** Extracted information follows **
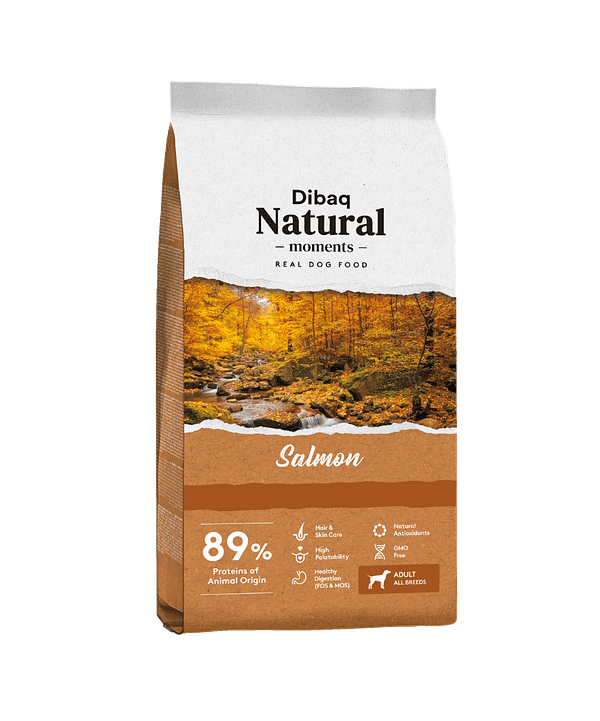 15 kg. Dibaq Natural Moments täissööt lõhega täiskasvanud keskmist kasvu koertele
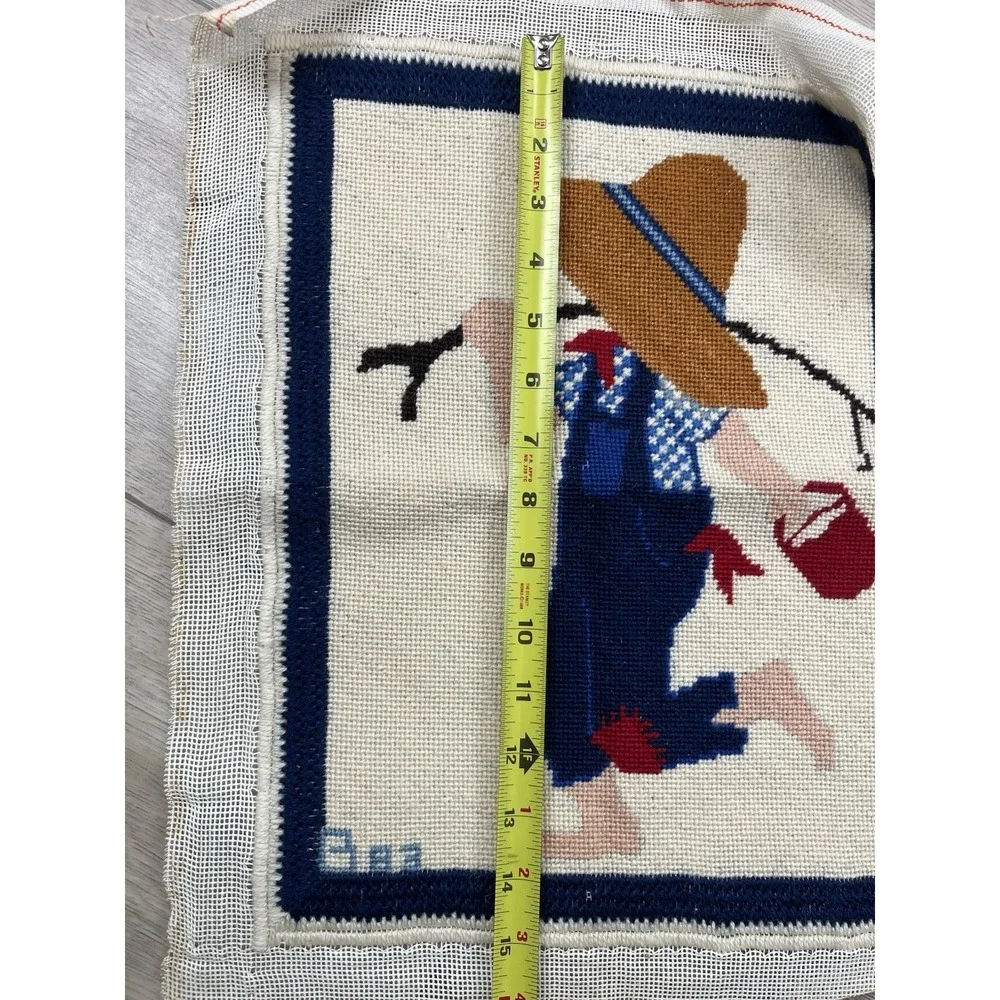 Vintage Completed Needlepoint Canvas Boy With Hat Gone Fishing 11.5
** End of Extracted information **
** Extracted information follows **
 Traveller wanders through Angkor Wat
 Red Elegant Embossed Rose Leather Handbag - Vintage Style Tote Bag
** End of Extracted information **
● **What you have to do**
Return, exactly as they stand, the lines above from the one with "15 kg. Dibaq" to the one with "Vintage Completed Needlepoint", omitting any pictures among them.

● **Exercise result**
 15 kg. Dibaq Natural Moments täissööt lõhega täiskasvanud keskmist kasvu koertele
 Vintage Completed Needlepoint Canvas Boy With Hat Gone Fishing 11.5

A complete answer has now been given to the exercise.